- **Problem to solve**:
From the records below, transcribe exactly the lines that begin at the line with "Watters Audrey Satin" and end at the line with "map of restaurants, bars, coffee", both included.

- **Provided material**:

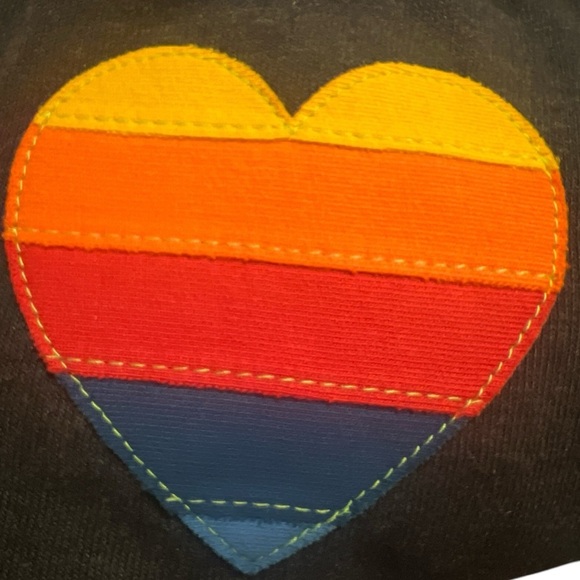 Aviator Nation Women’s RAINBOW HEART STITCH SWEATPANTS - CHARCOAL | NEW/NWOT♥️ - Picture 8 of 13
--
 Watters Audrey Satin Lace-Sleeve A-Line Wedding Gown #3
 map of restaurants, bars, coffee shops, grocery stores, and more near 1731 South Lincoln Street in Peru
* * *
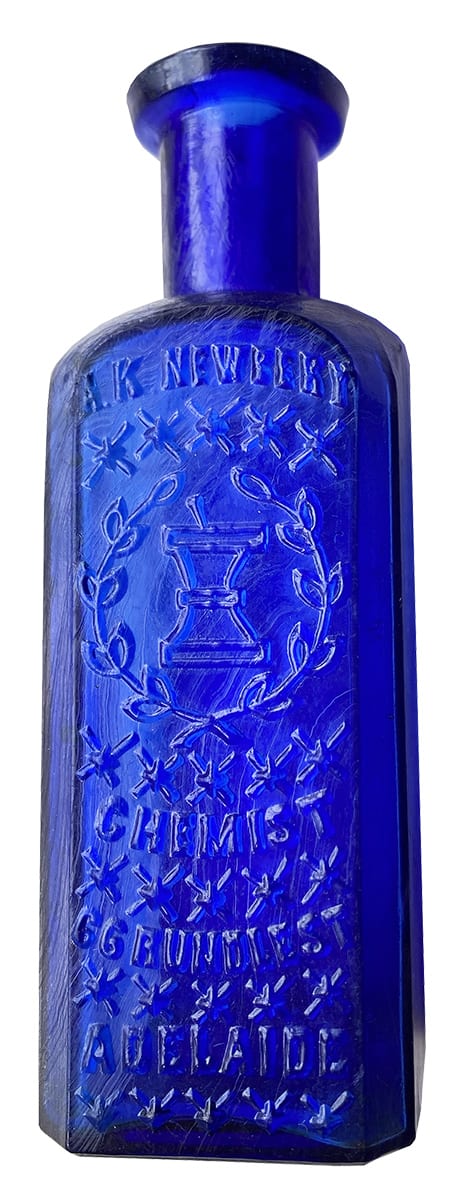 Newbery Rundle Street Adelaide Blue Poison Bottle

- **Your response**:
 Watters Audrey Satin Lace-Sleeve A-Line Wedding Gown #3
 map of restaurants, bars, coffee shops, grocery stores, and more near 1731 South Lincoln Street in Peru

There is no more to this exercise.